Une façade de magasin est renouvelée tous les 5 ans en moyenne, que ce soit à cause du renouvellement de branding ou pour fermeture du magasin. Pour limiter les déchets liés aux enseignes en fin de vie, nous avons créé un programme de réemploi. Nous récupérons les vieilles enseignes pour les remettre en état. Et pour encourager les commerçants à ne pas mettre leurs enseignes à la benne, nous louons les enseignes 90 €/mois pendant 5 ans. Nous avons donc réorienté notre modèle économique en passant de la vente à l’économie de l’usage. Ce programme est mis en place depuis 2 ans.
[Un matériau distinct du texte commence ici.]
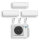 Panasonic TZ Compact Style Klimaanlagen-Set inkl. 3 Innenger&auml;te, Wi-Fi, R32, 6,8 kW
L’objectif est de parvenir à 80 % de nos enseignes louées en 2030. Le co-bénéfice est évident : une enseigne recyclée coûte moins cher au client et on évite de produire des déchets en prolongeant la durée de vie de nos produits.
Avez-vous déjà des résultats concluants ?
Nous avons divisé par plus de 2 notre production de déchets passant de 4,5 tonnes de déchets enfouis en 2022 à 2,1 tonnes en 2023 et l’objectif est de parvenir à zéro déchet enfoui.
Le plus dur a été de dire non à certains appels d’offres et de proposer des modèles qui ne répondaient pas au cahier des charges initial. Quand Go Sport a racheté Intersport, toutes les enseignes devaient être changées dans la région. Les lettres devaient être en PVC blanc. On a proposé une signalétique en bois, donc plus chère, mais nous avons été retenus sur ce marché car les clients sont de plus en plus sensibles à la démarche environnementale et aussi soumis à de plus en plus de contraintes réglementaires pour limiter leurs externalités négatives, et cela commence par le choix de fournisseurs qui leur proposent des solutions.
Il y a quelques mois, c’est Ubisoft qui s’implantait à Bordeaux. Les locaux sont magnifiques mais les enseignes devaient être en PVC et Dibond. On a répondu en leur proposant du bois et de l’aluminium. Et finalement, nous avons été retenus en expliquant notre proposition.
Pour la location, nous avons une marge de progression. Seulement 5 % des clients louent leur enseigne aujourd’hui. Ils doivent sortir de leurs habitudes et nos commerciaux aussi. Nous devons encore travailler cette offre différenciante, c’est l’avenir de notre métier.
Du Pacte mondial à l’entreprise à mission
Cette adhésion au Pacte mondial en 2021 a été finalement un point de départ à notre ambition de changer notre mode de production. Nous nous engageons à respecter les 17 ODD parmi lesquels évidemment l’ODD 12 sur la production et la consommation responsable fait figure de pilier dans notre démarche, mais nous agissons aussi sur l’ODD 13 (lutter contre le changement climatique), l’ODD 14 sur la vie aquatique quand on sait que le plastique finit dans les océans.
Notre prochaine étape après notre engagement au Pacte mondial ou à la CEC est de devenir B Corp et entreprise à mission. Cela nous permettra de mieux travailler la gouvernance et de progresser dans une croissance qui ne perd de vue ni l’environnement ni le social. Et nos collaborateurs sont moteurs. Alors cette nouvelle voie est pleine de promesses.
Cette adhésion au Pacte mondial en 2021 a été finalement un point de départ à notre ambition de changer notre mode de production.